Decision Governance Model

sequenceDiagram
    participant CostTeam as Cost Team
    participant PerfTeam as Performance Team
    participant InfTeam as Inference Team
    participant Lead as Engineering Lead
    participant Dashboard as QACPI Dashboard

    CostTeam->>Lead: Propose: Switch FAQ to Haiku (saves $40K/mo)
    Lead->>InfTeam: Impact assessment on quality?
    InfTeam->>Lead: FAQ quality drops 0.92 → 0.84 for complex FAQs
    Lead->>PerfTeam: Impact on latency?
    PerfTeam->>Lead: FAQ latency improves 1.2s → 0.4s
    Lead->>Dashboard: Simulate QACPI change
    Dashboard->>Lead: QACPI improves 15% overall
    Lead->>CostTeam: Approved with reversal trigger
    Lead->>InfTeam: Set alert: if FAQ satisfaction < 3.5/5, revert
    Note over Lead: Decision logged with rationale + reversal trigger

Guardrails for the Decision Process

Rule Rationale
No silent degradation A change in one dimension that worsens another by >10% requires sign-off from the affected team
Every decision has a reversal trigger Prevents "set and forget"; forces re-evaluation when assumptions change
Experiment before commit A/B test or shadow mode before production rollout for any decision affecting >20% of traffic
Monthly tradeoff review Review QACPI trends, revisit decisions whose triggers are close to firing
Intent-level granularity Tradeoff decisions can vary by intent — one size does not fit all

Practical Example: Recommendation Query Lifecycle

A single recommendation query touches every tradeoff dimension:

graph TD
    A["User: 'Something like One Piece?'"] --> B["Intent Classifier<br/>(Cost: cheap, Perf: fast, Inf: good enough)"]
    B --> C["Cache Check<br/>(Cost: free if hit, Perf: fast, Inf: may be stale)"]
    C -->|miss| D["Recommendation Engine<br/>(Cost: moderate, Perf: variable, Inf: personalized)"]
    D --> E["RAG Retrieval<br/>(Cost: per-chunk, Perf: adds 100-200ms, Inf: grounds response)"]
    E --> F["Model Selection<br/>(Cost: Haiku=$0.001, Perf: Haiku=fast, Inf: Sonnet=better)"]
    F --> G["Prompt Assembly<br/>(Cost: every token costs, Perf: more tokens=slower, Inf: more context=better)"]
    G --> H["Guardrails<br/>(Cost: validation compute, Perf: adds 50-100ms, Inf: ensures safety)"]
    H --> I["Response Delivered"]

    style B fill:#f9d71c,stroke:#333,color:#000
    style C fill:#4ecdc4,stroke:#333,color:#000
    style F fill:#ff6b6b,stroke:#333,color:#000
    style G fill:#dfe6e9,stroke:#333,color:#000

At every step, a tradeoff decision has been made. The user stories that follow (US-02 through US-10) deep-dive into each one.


Anti-Patterns to Avoid

Anti-Pattern Why It's Dangerous What to Do Instead
"Optimize cost, worry about quality later" Quality debt compounds — users leave before you fix it Set minimum quality floors before optimizing cost
"Use the best model everywhere" Budget blowout at scale; 70% of queries don't need it Tier models by query complexity
"Cache everything aggressively" Stale recommendations destroy trust Cache only data with defined staleness tolerance
"Provision for peak at all times" 70% of capacity sits idle during off-peak Use autoscaling with predictive ramp-up
"Let each team optimize independently" Local optima create global pessimum Use QACPI and cross-team governance
"One configuration for all intents" Simple FAQ and complex recommendation have different needs Per-intent optimization profiles

2026 Update: Govern the Trilemma as Constrained Optimization

Treat everything above this section as the baseline architecture and original decision model. This section preserves that baseline and explains how the framework evolves for the current target architecture.

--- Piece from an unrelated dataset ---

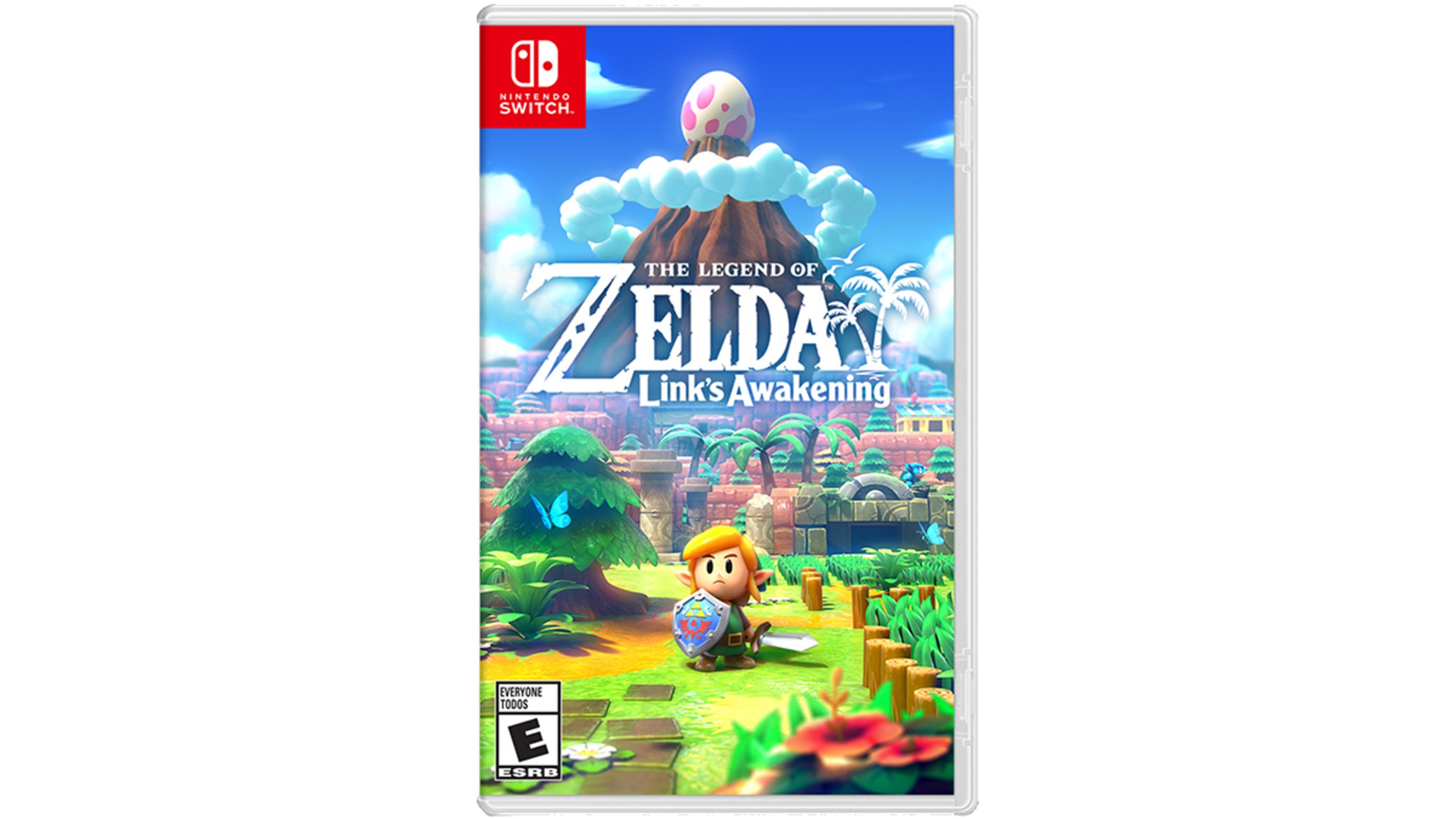 Legend of Zelda Links Awakening - Nintendo Switch Disk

The current framework still works, but production teams are increasingly treating this as constrained multi-objective optimization, not just a single scalar-score contest.

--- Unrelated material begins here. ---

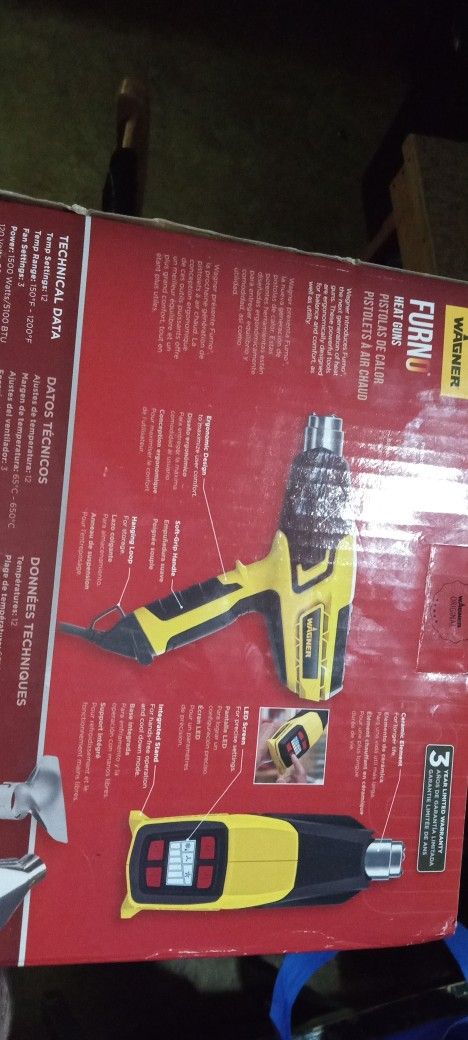 Heat Gun Brand New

  • Keep QACPI as the hero metric, but pair it with hard constraints such as zero PII leaks, zero incorrect prices, latency SLOs, and per-intent quality floors. This prevents "good composite score, bad real-world policy outcome" decisions.
  • Add a Pareto frontier view to monthly reviews. Leadership should compare only configurations that satisfy hard constraints, then choose among the remaining cost-latency-quality tradeoffs.
  • Run shadow traffic and trace replay before live rollout for material changes. A/B tests remain important, but replaying recent production traces is now a standard way to estimate counterfactual cost and latency before exposure.
  • Calibrate quality with a hybrid eval stack: task-specific offline evals, human-reviewed golden sets, LLM-as-judge, and production outcomes such as escalations and CSAT.
  • Express policies in terms of capability tiers and route classes, not just specific model names. Bedrock model catalogs, inference profiles, and pricing envelopes change often enough that quarterly re-benchmarking should be part of governance.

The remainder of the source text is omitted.